There is a longstanding and established discrepancy between the Bankruptcy Act and the Life Insurance Act 1995 as to what constitutes a policy of life insurance as opposed to policy of life assurance. Until recently, this distinction was considered to underpin the principle that TPD and income protection benefits are divisible among creditors to a bankrupt insured’s estate.
The Bankruptcy Act does not include reference to the term ‘life insurance’. Instead, it refers to ‘life assurance’, which is undefined. At common law, the definition of this term has been held to mean that life assurance policies only refer to policies on the life of an insured person, as opposed to policies covering TPD, trauma/accident and income protection. These other kinds of policies, in addition to policies on the life of an insured, are considered policies of life insurance under section 9 and 9A of the Life Insurance Act.
The distinction is of particular importance where a plaintiff who is seeking payment of a benefit under a policy of life insurance (as defined by the Life Insurance Act), is declared bankrupt.
The meaning of life assurance policies under s 116 (2)(d) of the Bankruptcy Act was determined in National Mutual Life Association of Australia Ltd v Federal Commissioner of Taxation (1959) 102 CLR 29 and NM Superannuation Pty Ltd v Young (1993) FCR 182. These cases are authority for the principle that policies for disability, injury or accident are not considered life assurance policies under the Bankruptcy Act and therefore property which vests in the Trustee in Bankruptcy and divisible among creditors of a bankrupt’s estate.
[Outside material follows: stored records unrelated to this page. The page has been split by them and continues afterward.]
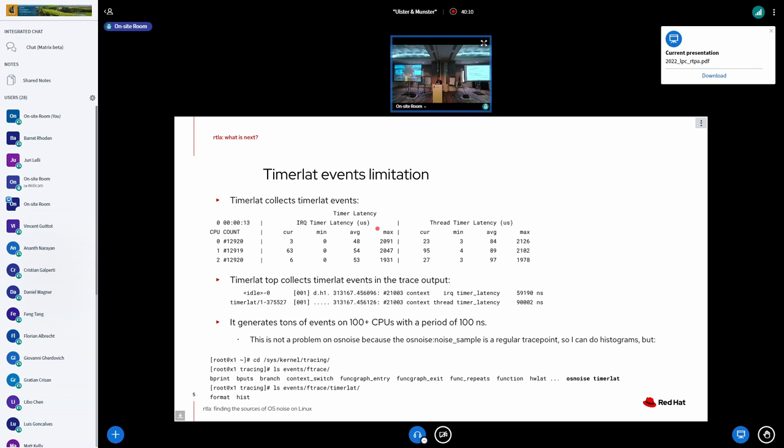And on OS noise tracer, we don't have this problem, because we can use the histograms features on the trace. And so we do all the histograms in kernel.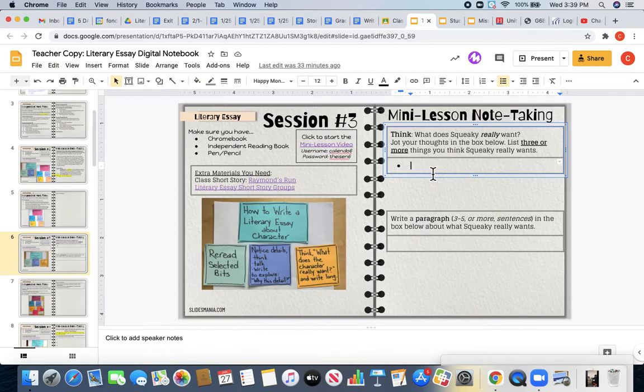These aren't necessarily going to be explicitly stated in the story. You kind of have to do some deep thinking and digging to figure out what you think she might want.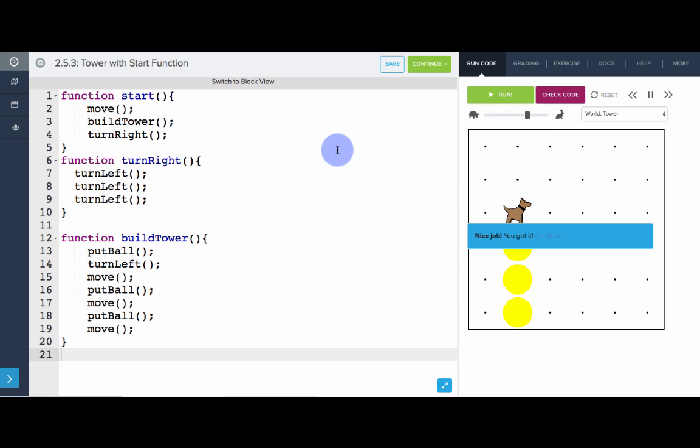Awesome. So that is the start function. And from now on all of our programs will be starting with the start function. Now it's your turn to give it a try. Bye.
Section 116 (2)(g)(i), provides another carve out for damages or compensation payable in the event of personal injury or wrong done to the bankrupt. The test for whether a cause of action in respect of personal injury or wrong is whether the action arises from “pain” on the part of the bankrupt in respect to his mind, body or character, without reference to rights of property.
This test, derived from the judgment in Cox v Journeux (No 2) (1935) 52 CLR 713, is that benefits payable under a policy of life insurance, on the meeting of a relevant definition and other criteria, is a contractual entitlement. The entitlement is not compensatory nor derived from any common law right but is based from a purely contractual relationship. The Court of Appeal decision of Cork v Rawlins [2001] Ch 792 also supports this construction.
Accordingly, until the decision of Berryman v Zurich Australia Limited [2016] WASC 196, the entitlement to a benefit under a standalone policy providing cover for TPD, IP or trauma has been taken to be property vesting in contract and divisible among the creditors of a bankrupt estate.
In Berryman v Zurich, it was held that the form of action did not, of itself, determine whether the benefit claimed was in respect of a personal injury or wrong. That the bankrupt plaintiff, Mr Berryman, was suing his life insurer to enforce a contractual right was not found to compel the conclusion that the action was outside s 116(2)(g). The Court held that Mr Berryman’s TPD claim was, in essence, a claim “in respect of” a personal injury and not properly part of the bankrupt estate.
This decision appears to leave the principle established by National Mutual Life Association of Australia Ltd v Federal Commissioner of Taxation (1959) and NM Superannuation Pty Ltd v Young (1993) intact. What it does do however, apart from extending the established ambit of the s 116(2)(g) carve out, is to challenge the accepted notion that entitlements under a policy of life insurance are contractual only. If this decision is followed, then the question of whether a cause of action for TPD benefits is “in respect of” a personal injury or wrong is a matter of the substance of the claim, not the form of the action. This would entitle bankrupt persons to personally retain TPD and income protection benefits.
This represents a marked departure from the principle established in Cox v Journeux (1935) and Cork v Rawlins [2001] and we anticipate will be elevated to an appellate court at some time where s 116 (2)(g) is considered.